Jackson's 1832 message also stated that "The authority of the Supreme Court must not be
permitted to control the Congress or the Executive when acting in their legislative capacities,
but to have only such influence as the force of their reasoning may deserve."
This last sentence relegates the Supreme Court -- the law of the land -- to an advisory body
with no ability to enforce its findings or orders.
Clearly, Jackson considered the Constitution of the United States to be an advisory document
as well.
Not only should the patently offensive Indian Removal Act of 1830 be subject to judicial
review, it must be reviewed. And very likely repealed!
It may be unfair to judge 19th century thinking in the 21st century, but frankly, it is self-evident
that any law that suggests the removal of an ethnic group... is going to be violating
someone's natural human rights.
Now, this may all seem like ancient history, but the removal of Indians from their ancestral
lands -- and the reclamation of that land by the Interior Department -- is still going
on today.
As one example, in 1981, a lawsuit was brought by the Sioux Indians seeking to recover 7.3 million acres of their
sacred Black Hills, as promised by the treaty of Fort Laramie in 1868.
In the preceding case of United States v Sioux Nation, in 1980, the Supreme Court offered
monetary relief but not title to their lands. The Indians have never accepted the cash.
It is worth noting that Associate Justice Blackmun, writing for the Majority in the
case, castigated the government's dealings with the Sioux by stating for the record that
"...a more ripe and rank case of dishonorable dealing ... will never be found in our history."
Sadly, Justice Blackmun was being far too optimistic, for past and subsequent history
has proven him wrong in his assessment of the character of Congress and the BIA.
Even more recently the Justice Department has been forced to settle claims totaling
billions of dollars directly attributable to theft and mismanagement of Indian Trust
by the Bureau of Indian Affairs.
And there are dozens of other claims pending.
Over the past three years researchers in the Tecumseh Federation have poured over hundreds
of historical writings, legal documents, speeches, books and hours upon hours of video documentaries,
seeking to uncover the true history behind the U.S. Congress' odious Indian Affairs policies.
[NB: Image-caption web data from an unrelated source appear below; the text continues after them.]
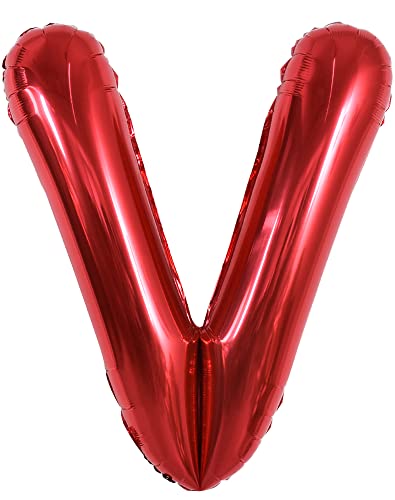 TONIFUL 40 Zoll große leuchtend rote Buchstabenballons A-Z, riesige Heliumfolie großer Buchstabe V Ballon für Geburtstagsfeier Jahrestag Hochzeit Dekoration. TONIFUL 40 Zoll große leuchtend rote Buchstabenballons A-Z, riesige Heliumfolie großer Buchstabe V Ballon für Geburtstagsfeier Jahrestag Hochzeit Dekoration. von TONIFUL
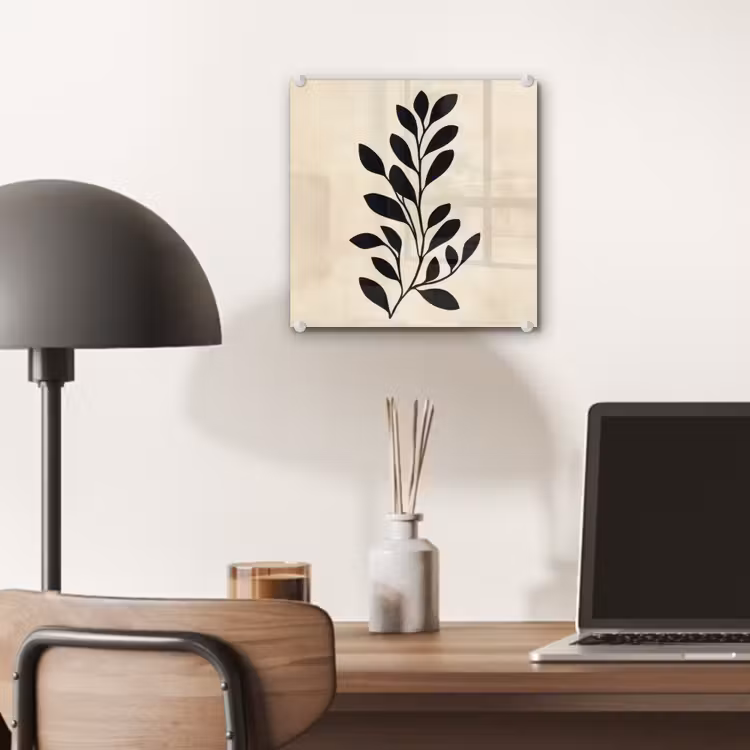 Minimalistisch - Tak - Bladeren - Zwart plexiglas 5mm klein -sfeer6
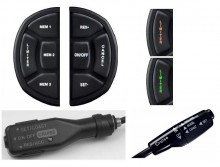 - module de comanda ce se pot prinde pe volan si comunica prin RF( radio frecventa ) cu unitatea centrala atasata care se ocupa de functia de cruise control
- manete cu led sau fara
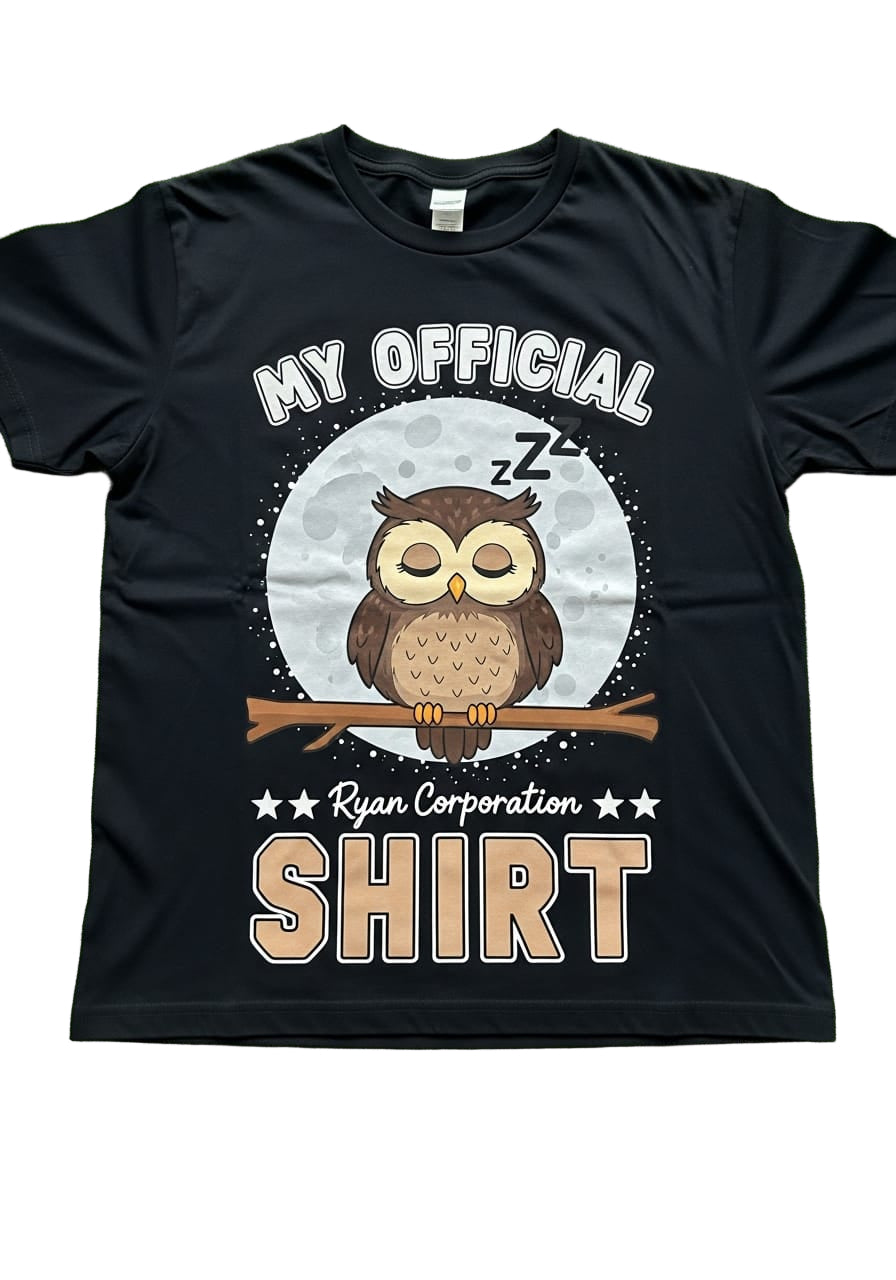 Ryan Corporation “My Official Napping Shirt” Owl Graphic T-Shirt – Black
The result is that we are of one mind in believing that the failure of Congress to acknowledge
that it had conspired and colluded in an insurrection over the Supreme Court to pass the patently
unlawful and immoral Indian Removal Act is the sole reason for the continuance of America's
Killing Fields today.
The federal government's failure to grant fee simple title to the Indians is at the
root of all of the catastrophes surrounding America's wretched Indian Affairs policies.
The removal policy created the modern day BIA reservation system, which we now know
to be institutionalized genocide, with mass exodus by those who can, and the erosion of an entire
culture that helped define the Western World.
Americas Killing Fields are a can of worms that nobody wants to open.
These truths represent, for many, the darkest blight on our nation's history since passage
of the 13th Amendment abolishing slavery.
But our generation and the ones that follow must have the courage to open old wounds if
we are to meet the promise of America to its people today.
Let us mourn, grieve, and acknowledge our forefather's errors and wrongdoings and attempt
to make things right for our country's First People, the Native Americans.